So Peter and the other disciple started for the tomb. Both were running, but the other disciple outran Peter and reached the tomb first. 5 He bent over and looked in at the strips of linen lying there but did not go in. Then Simon Peter came along behind him and went straight into the tomb. He saw the strips of linen lying there, as well as the cloth that had been wrapped around Jesus’ head. The cloth was still lying in its place, separate from the linen. Finally the other disciple, who had reached the tomb first, also went inside. He saw and believed. (They still did not understand from Scripture that Jesus had to rise from the dead.) 10 Then the disciples went back to where they were staying.

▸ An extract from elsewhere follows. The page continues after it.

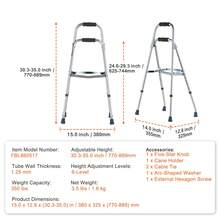 Folding Hemi Walker, One Arm Folding Walker For Seniors With 6-Level Adjustable Height, Lightweight Aluminum | Side One-Hand Style Mobility Aid For Elderly Handicapped Disabled, Up To 350LBS - Silver - View 7
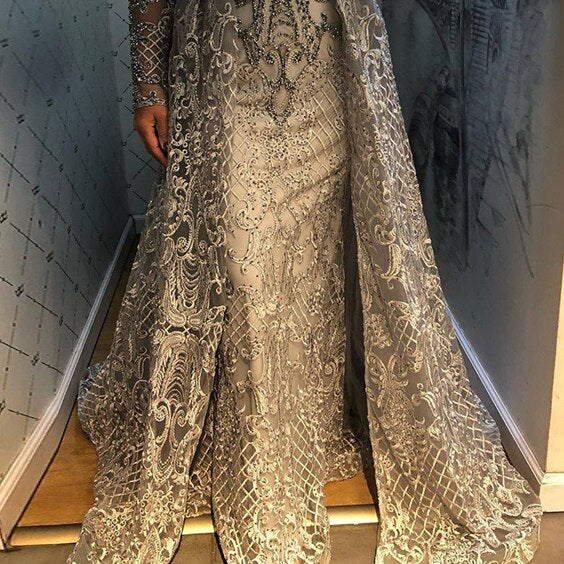On Sale no return no refundSale Muslim Black Crystal Long Sleeves Evening Dresses 2025 Mermaid Luxury High-end Evening Gowns Plus Size LA70419 - SERENE HILL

Can you imagine the moment?   Peter, John, and the rest of the disciples are in the upper room.  It’s been an emotional 24-48 hours.  They had gone from triumphal entry into Jerusalem on Thursday and the Passover Feast, Friday was Jesus’s betrayal, arrest, and crucifixion, Saturday was the Sabbath, and now it’s Sunday, the beginning of the new week and realization and probably disillusion is setting in.   Three of the women who followed Christ, Mary Magdelene, Mary the mother of James, and Salome, the mother of James and John go out to the grave to prepare the body of Jesus.   Because it had been Passover and the Sabbath had been approaching, the body had been hastily taken from the cross and placed in a borrowed tomb, so the women were going to go and finish the burial rituals.   I can imagine their anxiety as they’re walking to the tomb, they don’t know what to expect, they know that there were guards  at the tomb so they probably don’t know what kind of reception they’re going to get.  Will the guards harass them?  What kind of condition will Jesus’s body be in?  Who will roll the stone away?  Numerous unknowns are filling their minds, not to mention grief. What do the find when they get there?   The stone rolled away….an empty tomb.  Not just an empty tomb however.  The Gospels of Matthew, Mark, and Luke write that angels were there as well :

Mark 16:4-8

But when they looked up, they saw that the stone, which was very large, had been rolled away. As they entered the tomb, they saw a young man dressed in a white robe sitting on the right side, and they were alarmed.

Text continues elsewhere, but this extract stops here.